Désireux de ne pas s’attarder sur ce sentiment de malaise, le journaliste se força à se concentrer sur son travail, qui à défaut de le combler, tant il était souvent contraint à ne couvrir que des évènements secondaires, lui permettait au quotidien de tenir à distance ce qu’il appelait ses « pensées noires ».

Mais quel était donc l’objet du rendez-vous imposé qui l’attendait ? S’il n’avait pas souvenir d’avoir entendu son patron l’éclairer sur ce point, il se souvenait bien en revanche de la mise en garde : « Prenez au sérieux ce qu’elle a à vous dire, lui avait dit Granzotto. Cette famille a du pouvoir, beaucoup de pouvoir, elle est donc à ménager. Aidez-la autant que possible, suis-je assez clair ? »

Autant dire que Bartoloméo n’avait pas vraiment eu le choix. Il avait donc retenu un haussement d’épaules et s’était contenté d’acquiescer, se reprochant déjà sa faiblesse. Pourtant, pensait-il encore en cet instant, si j’ignore ce qu’elle a à me dire, je doute que cela puisse avoir un quelconque intérêt.
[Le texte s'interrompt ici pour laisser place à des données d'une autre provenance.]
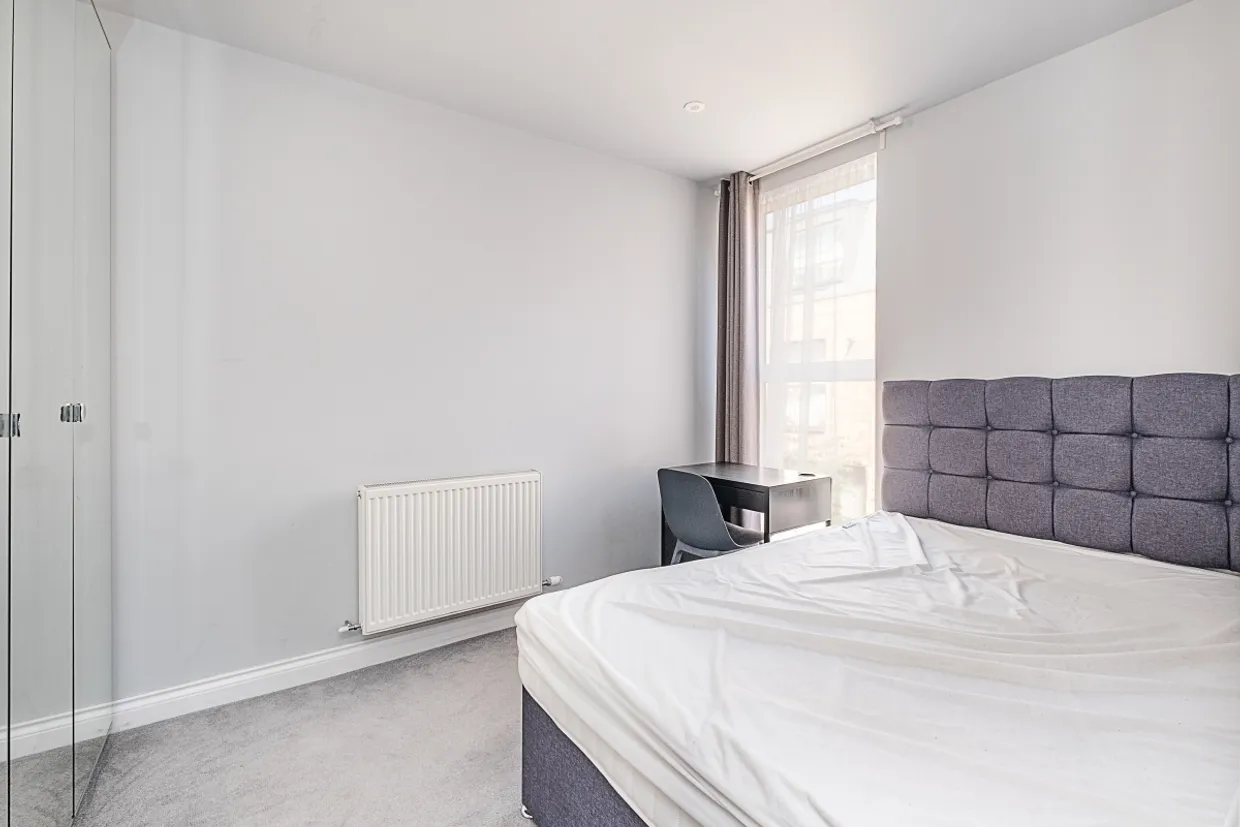 Wells Walk, E7 photo 12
L’avenir allait cependant lui donner tort sur ce point…

 

– C’est aimable à vous de me recevoir, Monsieur Vittali, dit la femme en lui tendant une main gantée. J’ai beaucoup entendu parler de vous, ajouta-t-elle en entrant dans la pièce qu’elle inspecta du regard, sans parvenir à cacher son étonnement de se voir accueillie dans un si petit bureau, presque sous les toits.

– C’est par souci de confidentialité, comme vous l’avez demandé, se justifia le journaliste amusé de constater l’importance des codes et des apparences chez son interlocutrice. Monsieur Granzotto m’a dit que vous y teniez.

– Gianni a dépassé sur ce point toutes mes attentes…, mais là n’est pas l’essentiel. Il m’a surtout affirmé que vous étiez l’homme de la situation, enchaina la femme sans autres commentaires, et que je pouvais en effet compter sur votre absolue discrétion, ce dont je vous remercie par avance.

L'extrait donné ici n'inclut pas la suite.